Laura Ingalls Wilder was an American writer best known for her series of autobiographical children's novels, the Little House on the Prairie books. Published between 1932 and 1943, the series chronicles her childhood experiences of pioneer and farm life in the late 19th century across the Midwestern United States. Her work, shaped in collaboration with her daughter Rose Wilder Lane, became a foundational part of American literature and inspired a popular NBC television adaptation. Wilder's writings have been celebrated for their depiction of American frontier life, though they have also been subject to modern critique regarding their portrayal of Native Americans and settlement.

Early life and family

Laura Elizabeth Ingalls was born in a log cabin in Pepin County, Wisconsin, to Charles Ingalls and Caroline Ingalls. Her early years were defined by the family's frequent moves westward, following opportunities and facing hardships on the American frontier. The family lived in Independence, Kansas, Walnut Grove, Minnesota, and De Smet, South Dakota, where her father worked as a farmer, carpenter, and storekeeper. These formative experiences, including surviving locust plagues and brutal winters on the Dakota Territory prairie, provided the primary material for her later fiction. In 1885, she married homesteader Almanzo Wilder in De Smet, and their early married life was marked by personal tragedy, including the loss of their infant son and the destruction of their farm by fire and drought.

Writing career

Wilder began her professional writing career later in life, initially contributing columns to the Missouri Ruralist and other farm journals. Her essays offered practical advice and reflections on rural life and women's roles in early 20th-century America. The encouragement of her daughter, the established writer and journalist Rose Wilder Lane, was pivotal in transitioning her mother's recollections into narrative form. Lane played a significant editorial role in shaping Wilder's manuscripts for publication, helping to refine the prose and narrative structure. This collaboration resulted in the publication of Wilder's first book at age 65, launching her second career as a novelist.

The Little House series

The core of Wilder's literary output is the eight-book Little House on the Prairie series, published by Harper & Brothers. The series begins with Little House in the Big Woods (1932) and follows her family's life through titles like Farmer Boy (1933), On the Banks of Plum Creek (1937), and concludes with These Happy Golden Years (1943). A ninth book, The First Four Years, detailing her early marriage, was published posthumously. The books blend autobiographical detail with literary crafting, presenting an idealized yet often starkly realistic vision of pioneer self-sufficiency, family bonds, and encounters with the expanding frontier. The stories are set against significant historical contexts, including the Homestead Act of 1862 and the settlement of the Great Plains.

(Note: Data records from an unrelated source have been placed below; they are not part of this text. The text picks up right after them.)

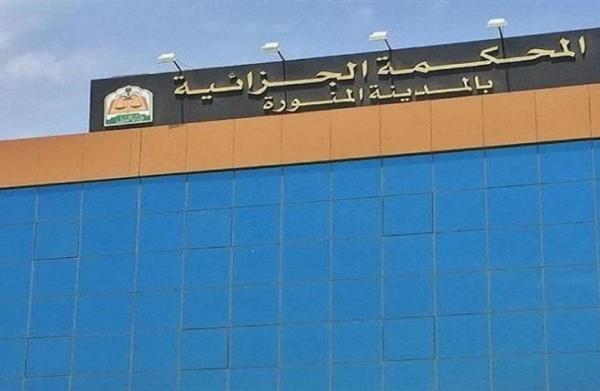 السعودية: حكم بسجن قاضي زعم ان جني تلبس به وآخرين في قضايا فساد (تفاصيل)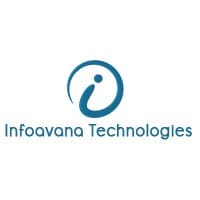 Infoavana Technologies Private Limited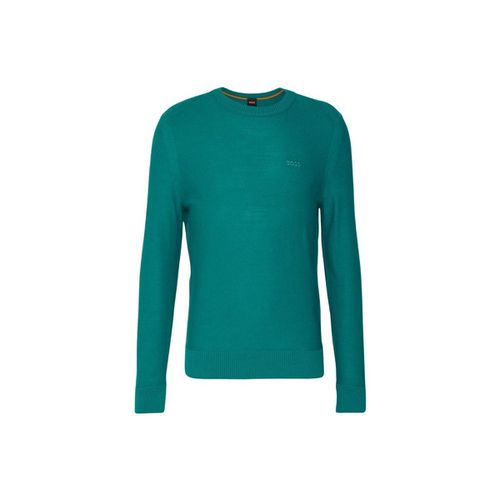 Maglione Maglione 50501762 303 - Boss - Modalova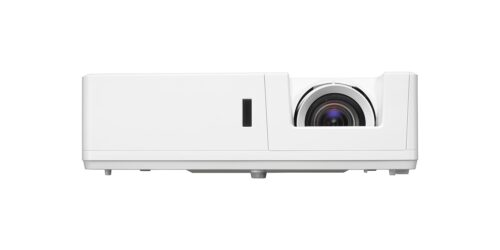 מקרן לייזר Optoma ZU607T
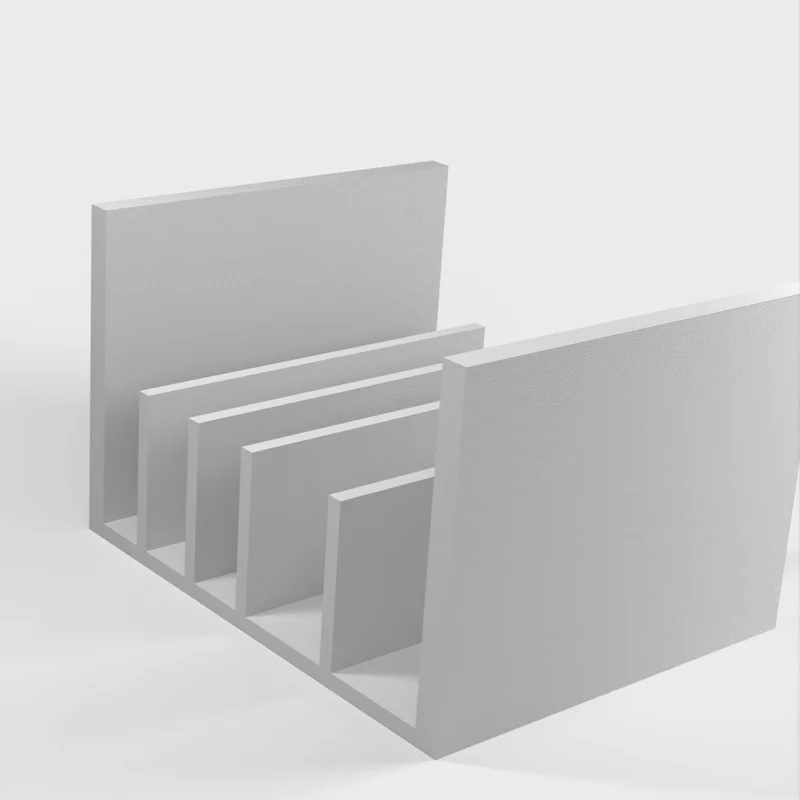 Support de télécommande pour petites télécommandes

Legacy and cultural impact

Wilder's work has had a profound and enduring impact on American culture and children's literature. The Little House series has sold millions of copies worldwide, been translated into dozens of languages, and inspired the long-running television series Little House on the Prairie starring Michael Landon. Numerous historic sites, including the Laura Ingalls Wilder Historic Home and Museum in Mansfield, Missouri, and the Laura Ingalls Wilder Museum in Walnut Grove, Minnesota, are dedicated to her life. The American Library Association presents a lifetime achievement award named in her honor, the Laura Ingalls Wilder Medal, though it was renamed in 2018 due to concerns about racial stereotypes in her work. This reflects ongoing scholarly and public debate about the series' complex legacy regarding Manifest Destiny and settler colonialism.

Later life and death

In 1894, Laura and Almanzo Wilder moved permanently to Mansfield, Missouri, where they established a successful farm they named Rocky Ridge. She lived there for over six decades, writing her famous series and remaining active in local clubs and community life. Almanzo Wilder died in 1949. Laura Ingalls Wilder died in her sleep at Rocky Ridge Farm on February 10, 1957, three days after her 90th birthday. She was buried alongside her husband in the Mansfield Cemetery. Her literary estate and the rights to her works were left to her daughter, Rose Wilder Lane, and subsequently helped fund the Libertarian movement through Lane's inheritance.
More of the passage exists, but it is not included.